SCHMIDT, François Joseph (ca 1756-1793 ap.)

État civil
NOM : SCHMIDT     Prénom(s) : François Joseph     Sexe : M
Autre(s) forme(s) du nom : CHEMITT
CHEMITH
SCHMITT
Date(s) : 1756 ca  / 1793-9 ap.
Notes biographiques

 François-Joseph SCHMIDT a été organiste des bénédictins de l'abbaye de Cluny de 1779 à 1787 environ. Il part ensuite à Chagny, où il vit en 1790, exerçant comme géomètre-arpenteur, sans que l'on sache s'il touche toujours un orgue ou non. Il est impliqué dans une affaire de séduction qui nous permet de le connaître assez bien. Cette histoire finit tragiquement.

• [1756] : Selon les indications d'âge livrées ici ou là au fil de l'enquête, François-Joseph SCHMIDT serait né en ou vers 1756. Les témoins clunisiens ignorent en général d'où ils vient : "ne sait si le sieur CHEMITH est allemand ou alsacien", "il sçait que le sieur CHEMITH est alsacien", "elle ignore le lieu de la naissance du sieur CHEMITH mais le croit allemand"... Son acte de mariage le dit fils de sieur Jean-George Schmidt, "bourgeois à Merxhein" [Haut-Rhin], et de Marie-Anne Holder son épouse.

• 1779, Cluny : C'est au plus tard en cette année 1779, voire un peu avant, que François-Joseph SCHMIDT devient organiste des bénédictins de l'abbaye de Cluny. Il gagne 100 ou 102 livres par an, ce qui constitue des gages d'un niveau très faible. Il commence à "donner des leçons de musique à la delle Jard en l’année 1779", affirme le père de la jeune fille, Pierre-Louis Jard, homme de loi, demeurant paroisse Notre-Dame. Ces leçons, dont on ignore la périodicité, sont payées 6 livres par mois. L'un des témoins sait qu'elles concernaient la musique vocale.
 "Il étoit alors dans un âge mûr et son écolière n’avoit que 13 ans" : le père cherche à faire croire à un barbon séduisant une très jeune fille. Or la suite de l'enquête a montré qu'en 1779, date du début des leçons à Claudine-Julie [ou Julienne] Jard, François-Joseph SCHMIDT a seulement 23 ans.

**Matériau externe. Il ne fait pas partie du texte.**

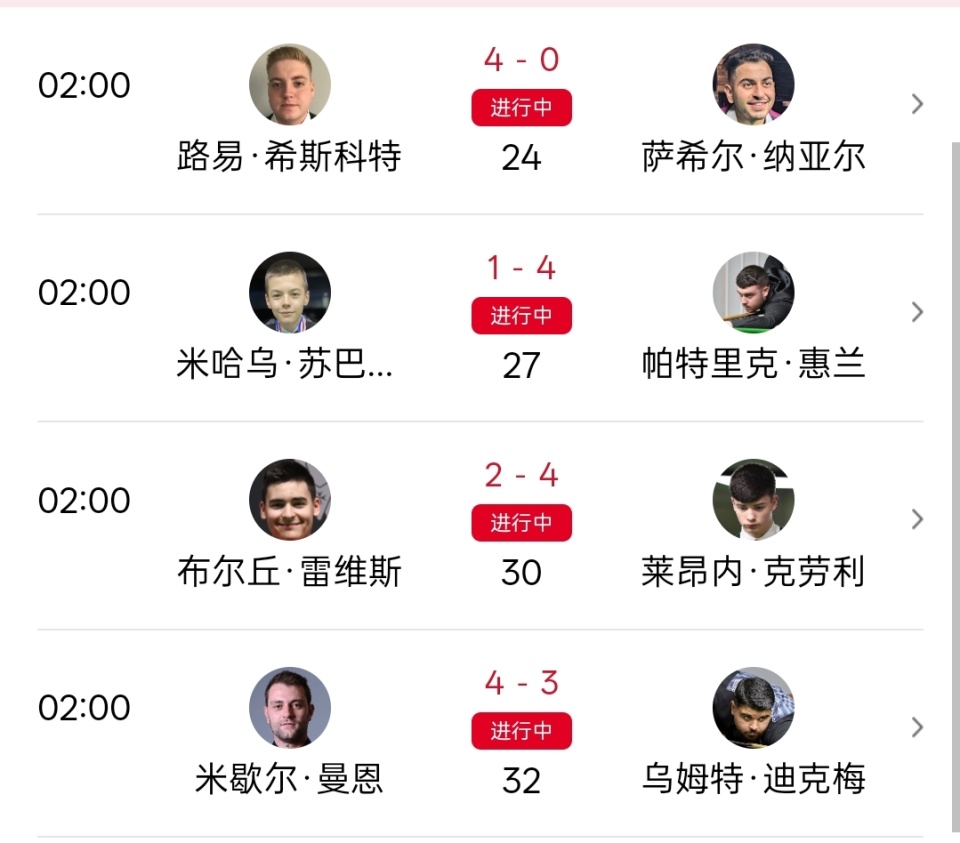 PANtW, wAA, 奥德奈尔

• 1779-1782, Cluny : "Il continua ses leçons pendant trois années", dit le père. Les témoins affirment tous que l'organiste était très bien reçu par les parents Jard, dans leur maison et dans leur jardin, où on l'a vu se promener avec eux en devisant. Il est de même bien accepté dans la société clunisienne : "il étoit vu avec plaisir dans les maisons où il se présentoit", "il étoit accueilli dans toutes les maisons"… [et où, peut-être, mais ce n'est pas précisé, il donne aussi des leçons de musique].
En même temps qu'être l'organiste des Bénédictins, il travaille "dans les bureaux de la commission", sous les ordres du "commissaire à terrier", c'est-à-dire qu'il participe à la gestion des domaines de l'abbaye, à la perception des fermages, à la délimitation des parcelles et à la réfection du terrier (cadastre). "Ledit CHEMITH quoique organiste à l’abbaye, travailloit en qualité de commissaire en lad. maison et avoit la confiance et l’estime des religieux bénédictins".

• [Vers 1782 ou 1783] : Le père Jard, ayant appris – dit-il – que l'organiste se vantait en public des sentiments qu'il avait inspirés à Claudine-Julie Jard "lui interdit absolument l’entrée de sa maison".
Les leçons cessent, mais les jeunes gens continuent à se voir, sans doute avec la complicité de la mère qui selon les témoins est, elle, favorable au mariage. Ils échangent des lettres par l'intermédiaire d'une amie un peu plus âgée que Claudine-Julie, Françoise-Philiberte Belle, d'une marchande de mode et d'une domestique. Celle-ci est souvent chargée par l'organiste "de ses compliments pour la dite dlle Jard". La voie orale complète la correspondance.

• 6 juin 1785, Igé [Saône-et-Loire] : Françoise-Philiberte Belle, fille majeure d'un officier invalide demeurant à Cluny, se marie avec Laurent Leclerc, avocat en parlement à Tramaye. La mère de celui-ci a donné procuration au sieur Jard avocat en parlement à Cluny. Le père, la mère et sans doute la fille Jard sont présents à ces noces (trois signatures : "Jard fondé de pouvoir", "marguerite vachier jard" et "jard").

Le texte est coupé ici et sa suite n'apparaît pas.